*** Begin section ***

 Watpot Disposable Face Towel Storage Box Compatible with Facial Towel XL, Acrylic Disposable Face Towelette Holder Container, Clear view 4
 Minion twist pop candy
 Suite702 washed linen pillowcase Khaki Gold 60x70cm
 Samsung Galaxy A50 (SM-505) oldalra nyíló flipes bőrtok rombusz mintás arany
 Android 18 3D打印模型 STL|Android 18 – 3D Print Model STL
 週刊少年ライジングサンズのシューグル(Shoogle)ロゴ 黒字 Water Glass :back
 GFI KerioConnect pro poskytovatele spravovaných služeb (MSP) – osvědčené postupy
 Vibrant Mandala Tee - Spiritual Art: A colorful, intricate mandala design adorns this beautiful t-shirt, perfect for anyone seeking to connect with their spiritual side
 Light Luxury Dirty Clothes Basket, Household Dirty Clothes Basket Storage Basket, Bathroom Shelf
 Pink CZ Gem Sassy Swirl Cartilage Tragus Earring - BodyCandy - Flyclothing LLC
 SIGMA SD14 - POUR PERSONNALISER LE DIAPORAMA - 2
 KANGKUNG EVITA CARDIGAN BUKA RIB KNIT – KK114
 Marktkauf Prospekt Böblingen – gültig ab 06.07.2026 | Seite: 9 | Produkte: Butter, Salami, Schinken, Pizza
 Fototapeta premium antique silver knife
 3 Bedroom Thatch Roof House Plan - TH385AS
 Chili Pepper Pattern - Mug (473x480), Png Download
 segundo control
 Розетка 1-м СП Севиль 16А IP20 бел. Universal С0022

*** End section ***

YOUR INSTRUCTIONS: Count how many lines in the listing contain the string "Storage". Only that number should be given.

TASK ANSWER: 2